If you are, do not run a diet program. And want to burden the body quickly, you come on the right blog. This time we are discussing how Healthy Foods that are Making You Fat.

1. Fruit Smoothies 

Fruit Smoothies contains 450 Cals per serving Almond milk, a bunch of fruits, some nuts, peanut butter, yogurt, healthy sweeteners, protein powders ... all healthy right ?!

Try adding all of your smoothie ingredients to the calorie tracking app and see what appears ...
Smoothies are really amazing and I highly recommend them, but they are very easy to overdo because ... liquid calories! They can easily replace or exceed all food at around 450 calories.
So pay attention to the portion size!

2. Hummus

Hummus There are 408 Cals per cup. I usually make my own hummus for an entire week. It has many health benefits and is packed with nutritious ingredients.



When I first added to my calorie tracker, I was a little bit surprised to be honest. Just 1 tablespoon has about 25 calories and we obviously eat a lot of tablespoons!




There 's no reason to lose this from your diet if you' re trying to lose fat ... in fact, you should add it.
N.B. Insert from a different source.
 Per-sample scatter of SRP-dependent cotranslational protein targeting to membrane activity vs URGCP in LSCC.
But try making your own instead of store-bought and replace some of the olive oil with Greek.

3. Acai bowls 


Considered by some ‘the world’s healthiest breakfast’ (super yummy too!)

Here’s a truth bomb… a typical Acai bowl can have anywhere from 21 to 62 grams of sugar and about 500 calories. This fruit by itself is bitter so they’re generally blended with a lot of sugar for taste.
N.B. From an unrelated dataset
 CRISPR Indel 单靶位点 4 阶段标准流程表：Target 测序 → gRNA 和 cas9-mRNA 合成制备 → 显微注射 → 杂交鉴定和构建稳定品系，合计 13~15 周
To ‘top’ it off, Acai bowls generally have a banana, coconut, honey and a list of other high-calorie ingredients.

4. Nut Butters


How many times have you eaten peanut butter straight from the jar? *hides face

Nut butters ROCK! I add them to everything… but a few tablespoons here and there and bam… I’ve already gone way over my calorie allowance for the day.

At my current 2000 calorie allowance a day, I have 2 tablespoons. But when I’m trying to shed fat, I have to considerably reduce my portion size

or…

I use powdered peanut butter – PB2. It has about 45 calories in two tablespoons and 85% less fat. I add it to sauces, smoothies, stir-fries, wraps, and it tastes pretty good!

5. Fruit Juices 

If you don't like peanut butter, it's better to drink juice and some snacks in the morning. Because juice has 140 Cals per glass that are good for your health and weight.

With the correct composition

Fruit juices are marketed as ‘healthy’… but here are some facts…

Full of sugar
No fiber
Added sweeteners
Easy to consume liquid calories

I’m not a fan… in fact, I completely avoid fruit juices. As an alternative, I add whole fruit to smoothies or just eat fresh fruit instead.